Cuándo ir al médico y qué pedirle en la analítica
Si llevas meses notando algo de lo que hemos descrito —niebla mental que no se va, libido apagada, cansancio que no responde a dormir más, cambios de humor que no reconoces como tuyos— el primer paso no es comprar nada. Es pedir una analítica hormonal completa, y no la que el médico de cabecera pide por defecto cuando le dices que estás "cansado".

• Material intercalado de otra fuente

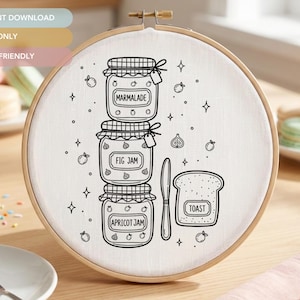 Borduurpatroon jampotten en toast | Handborduurontwerp keuken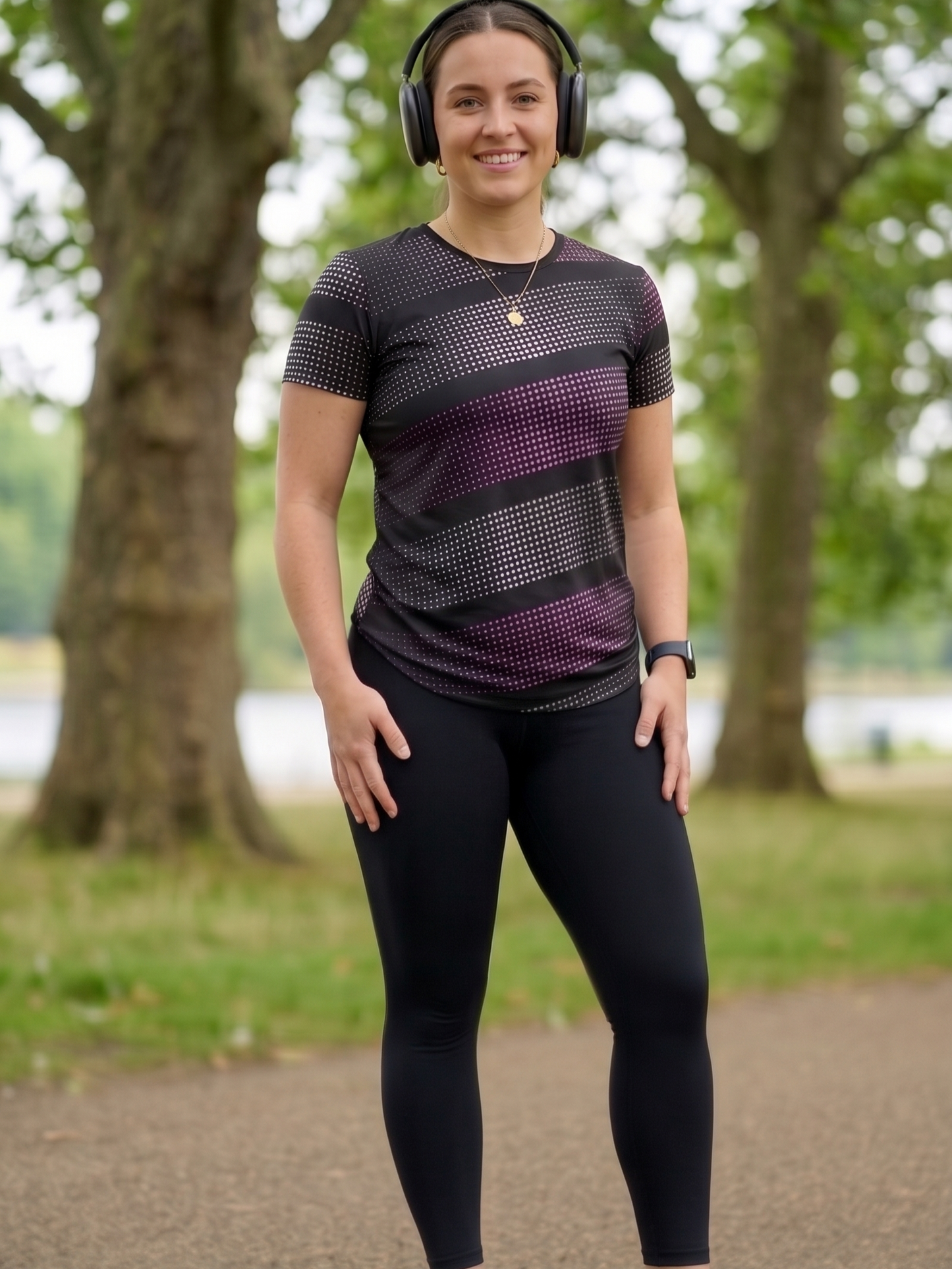 Winsome Sprinter Dot Print | Activewear Coord Set Tshirt With Tummy Tuck Black Leggings | Multi Sport | Odour Free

Lo mínimo que deberías pedir: testosterona total y libre, SHBG (la proteína que determina cuánta testosterona está realmente disponible para el cuerpo), LH y FSH (las hormonas que regulan la producción desde el cerebro), prolactina y estradiol. Con esos seis valores, un endocrino con criterio puede distinguir entre una andropausia real, un problema de tiroides disfrazado de cansancio, o simplemente un patrón de sueño y estrés que se puede corregir sin necesidad de ningún tratamiento hormonal.
Y aquí va la parte que no vas a leer en ningún anuncio: la andropausia no se cura, porque no es una enfermedad. Es una etapa biológica que se gestiona, igual que se gestiona el sueño, la alimentación o el entrenamiento. Cuanto antes la nombres por lo que es —y dejes de explicártela como "cosas de la edad" o "estrés del trabajo"— antes podrás actuar sobre la parte que sí depende de ti. Que, dicho sea de paso, es bastante más de lo que la mayoría cree antes de mirar los números de frente.